Around this time, in the later 1990s, I kept coming back to the small-scale ‘gestural’ work I had started about a decade earlier and these were a few from an isolated series of landscape impressions. I had always preferred working on heavy paper rather than canvas or board, but always with oil or spirit-based paint firstly because I couldn’t stand the paper buckling but also because I found that I could mix a much more fluid paint using oils or spirits while still retaining maximum opacity if needed. I made my own fluid oil paint .. I can’t quite remember how, but it wasn’t difficult! I used dry powder pigment, supplied by the theatre where I was working at the time as a designer, mixed with linseed oil and something else to make it dry much quicker. I couldn’t use standard artist’s oil paint thinned with turpentine or white spirit because as liquids these became too weak to dry properly on absorbent paper.
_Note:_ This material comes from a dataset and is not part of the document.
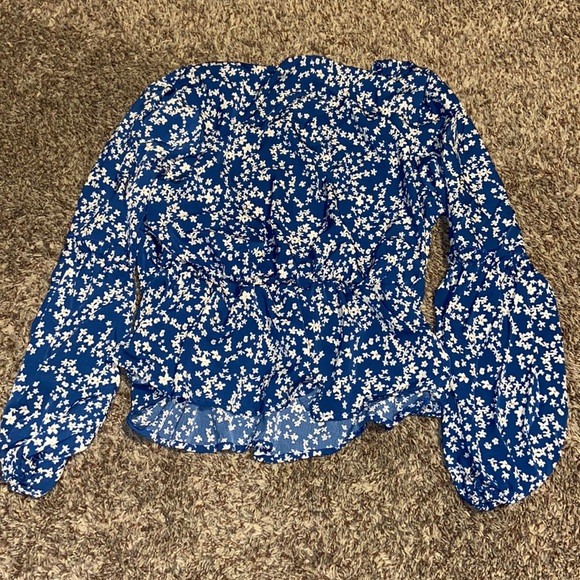 Slightly cropped SHEIN shirt size large. - Picture 5 of 6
These landscapes don’t attempt much ‘realism’, in the usual sense of the word .. they’re abstracted, and one could call them free impressions. However, they’re actually anything but ‘free’ .. there are fairly strict rules observed. These include an overriding horizontal emphasis; a sense of division between ‘below’ and ‘above’ or in some cases foreground, middle-ground and background; a monochrome palette of 3-4 tones; a fluid sweep with a fairly specific curvature and a stroke which almost always tapers. The first few rules are cerebral and administrated, whereas the last two are more physically determined.
I remember as a teenager coming across ink drawings in the British Museum by the severely underrated artist Alexander Cozens. Cozens published a book entitled A New Method of assisting the Invention in Drawing Original Compositions of Landscape shortly before his death in 1786. In it he proposed a form of ‘automatic’ or chance-generated painting which could have come, more than a hundred years later, straight out of the Surrealist’s handbook. He started with chance ink blots and instinctive marks on paper which he would then elaborate into more identifiable impressions of landscape.
What interested me was the idea that these invented landscapes are no less ‘real’ just because they don’t exist. If the graphic depiction conforms to the same laws of natural form, including the accidental, then the fact that they’re inventions is somewhat irrelevant .. they could easily exist somewhere! Since a specific landscape in nature composes itself with a fair amount of chance, why go to the trouble of slavishly copying a natural scene? Of course the position of trees, the lushness of grass or the formations of rock are determined by many things other than chance, but if these ‘algorithms’ are understood .. is the creation any less ‘natural’ than nature? Cozens, and a number of other artists of the 18th-19th centuries who invented idealised landscapes or doctored real scenes to their aesthetic sensibilities, were laying down some of the first stepping-stones towards the ‘virtual realities’ we experience today.